§ What you have to do:
Begin at the line that holds "We also use" and copy each line exactly until the data below ends, including that last line but no pictures.

§ Data section:
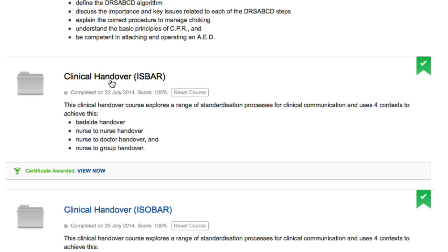You will receive a certificate for any other courses if you have passed the quiz and accessed all of the pages within the course. If this is the case, a green tick will appear to the right of the course name. Click on View Now next to Certificate Awarded and your certificate will be downloaded.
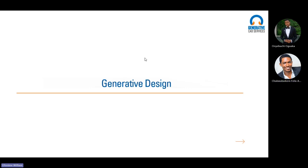What is generative design? When we say generative design, what does it mean? Yesterday we talked about product design, product development, and so on. Basically, when we say generative design, we are saying that we are adopting a design approach or method that mimics nature's evolutionary approach towards design.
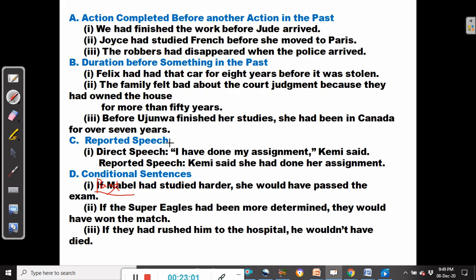We also use the past perfect tense in reported speech. Here we have a direct speech: 'I have done my assignment,' Kemi said. In reporting this, we change it to the past perfect — Kemi said she had done her assignment. 'Have' changes to 'had' — that is the past perfect. Kemi said she had done her assignment — that's quite correct.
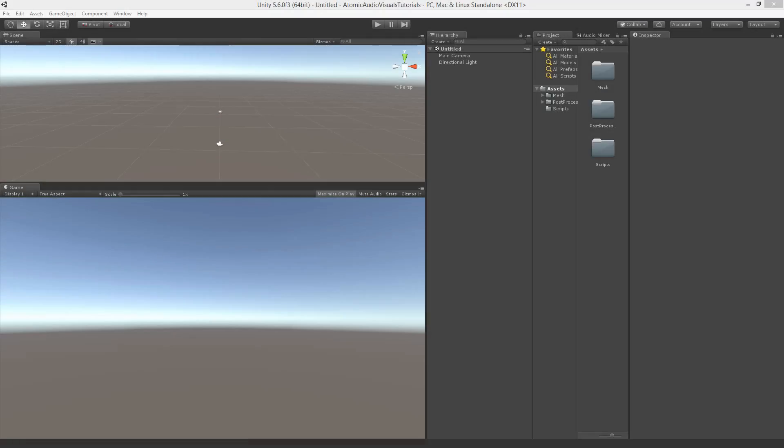Welcome to part 1 of the Atomic Audiovisuals in Unity tutorial by PeerPlay. You need a few things at the start of this project.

§ Answer to the problem:
We also use the past perfect tense in reported speech. Here we have a direct speech: 'I have done my assignment,' Kemi said. In reporting this, we change it to the past perfect — Kemi said she had done her assignment. 'Have' changes to 'had' — that is the past perfect. Kemi said she had done her assignment — that's quite correct.
Welcome to part 1 of the Atomic Audiovisuals in Unity tutorial by PeerPlay. You need a few things at the start of this project.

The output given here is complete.